What the task asks
Copy every line that holds the string "Sterling" from the data below.

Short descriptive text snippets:
---

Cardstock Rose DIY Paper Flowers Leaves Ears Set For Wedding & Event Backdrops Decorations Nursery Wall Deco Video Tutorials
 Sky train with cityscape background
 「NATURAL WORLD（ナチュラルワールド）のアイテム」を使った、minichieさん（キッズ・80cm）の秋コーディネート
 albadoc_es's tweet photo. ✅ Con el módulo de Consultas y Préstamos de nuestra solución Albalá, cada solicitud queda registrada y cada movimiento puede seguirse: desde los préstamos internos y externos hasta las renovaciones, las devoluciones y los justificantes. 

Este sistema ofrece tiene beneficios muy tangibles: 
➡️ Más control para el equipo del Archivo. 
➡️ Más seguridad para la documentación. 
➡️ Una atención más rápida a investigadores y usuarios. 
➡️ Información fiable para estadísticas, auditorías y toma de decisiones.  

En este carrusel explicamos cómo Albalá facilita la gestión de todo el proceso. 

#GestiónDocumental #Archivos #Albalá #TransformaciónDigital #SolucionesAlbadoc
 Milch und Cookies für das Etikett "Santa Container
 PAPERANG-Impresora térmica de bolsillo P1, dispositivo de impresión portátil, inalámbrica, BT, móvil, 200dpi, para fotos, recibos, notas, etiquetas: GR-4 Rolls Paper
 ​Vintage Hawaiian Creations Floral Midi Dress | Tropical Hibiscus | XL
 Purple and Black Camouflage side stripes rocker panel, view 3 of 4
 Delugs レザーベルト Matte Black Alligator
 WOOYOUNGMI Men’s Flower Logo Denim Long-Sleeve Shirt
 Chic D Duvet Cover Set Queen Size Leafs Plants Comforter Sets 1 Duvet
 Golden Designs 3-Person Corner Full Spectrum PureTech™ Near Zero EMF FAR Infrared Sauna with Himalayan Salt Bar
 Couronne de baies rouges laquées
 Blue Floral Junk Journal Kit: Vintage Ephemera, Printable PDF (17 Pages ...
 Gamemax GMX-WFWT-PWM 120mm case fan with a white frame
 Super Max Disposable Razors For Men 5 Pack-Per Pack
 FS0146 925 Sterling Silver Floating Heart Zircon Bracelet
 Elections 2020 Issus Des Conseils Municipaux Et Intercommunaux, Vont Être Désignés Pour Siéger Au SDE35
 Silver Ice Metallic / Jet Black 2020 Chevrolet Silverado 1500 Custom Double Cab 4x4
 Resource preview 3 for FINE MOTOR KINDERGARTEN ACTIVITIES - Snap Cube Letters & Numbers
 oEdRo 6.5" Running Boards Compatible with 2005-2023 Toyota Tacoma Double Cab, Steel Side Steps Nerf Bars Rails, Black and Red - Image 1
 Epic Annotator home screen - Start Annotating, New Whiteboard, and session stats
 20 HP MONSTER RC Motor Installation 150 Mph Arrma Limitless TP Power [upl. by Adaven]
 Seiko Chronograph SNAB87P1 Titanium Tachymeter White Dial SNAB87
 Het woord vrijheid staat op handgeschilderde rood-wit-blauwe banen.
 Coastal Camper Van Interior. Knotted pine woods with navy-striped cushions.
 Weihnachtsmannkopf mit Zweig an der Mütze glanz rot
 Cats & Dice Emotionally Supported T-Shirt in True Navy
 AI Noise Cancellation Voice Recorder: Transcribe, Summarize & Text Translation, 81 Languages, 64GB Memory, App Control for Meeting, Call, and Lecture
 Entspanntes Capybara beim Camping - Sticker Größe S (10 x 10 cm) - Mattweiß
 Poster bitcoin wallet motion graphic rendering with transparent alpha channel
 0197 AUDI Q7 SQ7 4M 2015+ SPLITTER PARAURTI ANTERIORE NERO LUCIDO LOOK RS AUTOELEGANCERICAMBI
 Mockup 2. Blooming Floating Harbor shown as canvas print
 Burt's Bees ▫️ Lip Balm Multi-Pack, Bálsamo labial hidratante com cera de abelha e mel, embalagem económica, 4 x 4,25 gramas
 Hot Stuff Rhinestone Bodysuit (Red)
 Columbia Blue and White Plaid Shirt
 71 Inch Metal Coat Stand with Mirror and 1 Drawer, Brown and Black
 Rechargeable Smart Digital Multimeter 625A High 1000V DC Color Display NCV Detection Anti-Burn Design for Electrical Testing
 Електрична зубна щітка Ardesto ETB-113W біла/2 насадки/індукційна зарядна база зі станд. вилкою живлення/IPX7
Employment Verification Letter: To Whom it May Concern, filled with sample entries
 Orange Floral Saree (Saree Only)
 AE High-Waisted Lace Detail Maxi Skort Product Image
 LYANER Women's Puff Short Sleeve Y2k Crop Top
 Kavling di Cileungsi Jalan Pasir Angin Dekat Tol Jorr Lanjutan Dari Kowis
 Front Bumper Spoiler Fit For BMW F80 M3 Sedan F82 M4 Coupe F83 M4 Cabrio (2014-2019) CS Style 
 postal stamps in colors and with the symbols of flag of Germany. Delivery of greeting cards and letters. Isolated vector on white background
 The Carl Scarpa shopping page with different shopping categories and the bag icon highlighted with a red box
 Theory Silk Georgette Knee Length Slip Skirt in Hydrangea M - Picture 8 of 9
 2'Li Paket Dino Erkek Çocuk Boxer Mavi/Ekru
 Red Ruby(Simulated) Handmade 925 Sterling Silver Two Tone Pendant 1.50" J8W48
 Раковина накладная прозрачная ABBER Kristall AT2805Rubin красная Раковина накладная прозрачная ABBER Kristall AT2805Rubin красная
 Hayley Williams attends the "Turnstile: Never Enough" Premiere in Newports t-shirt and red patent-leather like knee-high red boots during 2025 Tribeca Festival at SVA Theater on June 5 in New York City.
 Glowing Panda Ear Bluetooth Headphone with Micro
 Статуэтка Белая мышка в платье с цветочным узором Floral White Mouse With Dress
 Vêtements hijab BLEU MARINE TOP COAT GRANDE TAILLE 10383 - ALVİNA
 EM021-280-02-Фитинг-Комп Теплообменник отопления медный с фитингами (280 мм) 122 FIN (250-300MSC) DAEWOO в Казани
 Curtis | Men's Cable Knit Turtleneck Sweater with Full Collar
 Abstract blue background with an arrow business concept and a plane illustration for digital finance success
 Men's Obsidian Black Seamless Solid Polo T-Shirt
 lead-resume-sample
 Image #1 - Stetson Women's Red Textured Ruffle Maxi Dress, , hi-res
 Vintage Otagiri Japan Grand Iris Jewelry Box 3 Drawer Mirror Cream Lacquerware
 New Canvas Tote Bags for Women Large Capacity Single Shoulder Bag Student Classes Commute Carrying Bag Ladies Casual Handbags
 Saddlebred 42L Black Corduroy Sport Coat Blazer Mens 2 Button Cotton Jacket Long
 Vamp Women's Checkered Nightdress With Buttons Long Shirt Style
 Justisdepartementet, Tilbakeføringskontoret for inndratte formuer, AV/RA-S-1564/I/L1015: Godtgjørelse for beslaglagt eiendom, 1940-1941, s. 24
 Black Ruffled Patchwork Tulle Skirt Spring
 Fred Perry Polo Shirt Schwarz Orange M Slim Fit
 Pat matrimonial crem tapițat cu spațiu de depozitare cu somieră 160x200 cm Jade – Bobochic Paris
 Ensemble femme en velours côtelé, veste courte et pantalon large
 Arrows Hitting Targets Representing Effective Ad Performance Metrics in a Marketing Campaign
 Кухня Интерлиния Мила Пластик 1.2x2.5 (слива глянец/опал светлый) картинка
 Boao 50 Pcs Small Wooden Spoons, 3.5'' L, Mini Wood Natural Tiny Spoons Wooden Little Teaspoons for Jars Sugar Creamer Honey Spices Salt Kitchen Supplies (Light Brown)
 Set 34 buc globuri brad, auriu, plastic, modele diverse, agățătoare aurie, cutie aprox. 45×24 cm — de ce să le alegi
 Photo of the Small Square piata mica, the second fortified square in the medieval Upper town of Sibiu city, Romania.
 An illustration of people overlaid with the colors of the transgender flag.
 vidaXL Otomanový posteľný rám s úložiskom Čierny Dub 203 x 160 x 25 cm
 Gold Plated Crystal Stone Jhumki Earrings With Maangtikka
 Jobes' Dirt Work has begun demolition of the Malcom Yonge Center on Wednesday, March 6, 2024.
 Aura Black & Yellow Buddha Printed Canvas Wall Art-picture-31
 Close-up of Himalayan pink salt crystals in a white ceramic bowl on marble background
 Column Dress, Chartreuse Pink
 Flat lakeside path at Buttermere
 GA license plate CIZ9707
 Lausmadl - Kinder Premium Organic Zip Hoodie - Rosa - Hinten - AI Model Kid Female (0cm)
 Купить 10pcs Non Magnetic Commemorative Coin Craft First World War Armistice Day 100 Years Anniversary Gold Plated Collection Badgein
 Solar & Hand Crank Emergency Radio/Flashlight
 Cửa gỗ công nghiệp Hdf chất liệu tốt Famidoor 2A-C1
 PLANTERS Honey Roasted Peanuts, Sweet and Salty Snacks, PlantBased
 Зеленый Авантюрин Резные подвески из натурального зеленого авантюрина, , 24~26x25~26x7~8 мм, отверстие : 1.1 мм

---

Exercise answer
 FS0146 925 Sterling Silver Floating Heart Zircon Bracelet
 Red Ruby(Simulated) Handmade 925 Sterling Silver Two Tone Pendant 1.50" J8W48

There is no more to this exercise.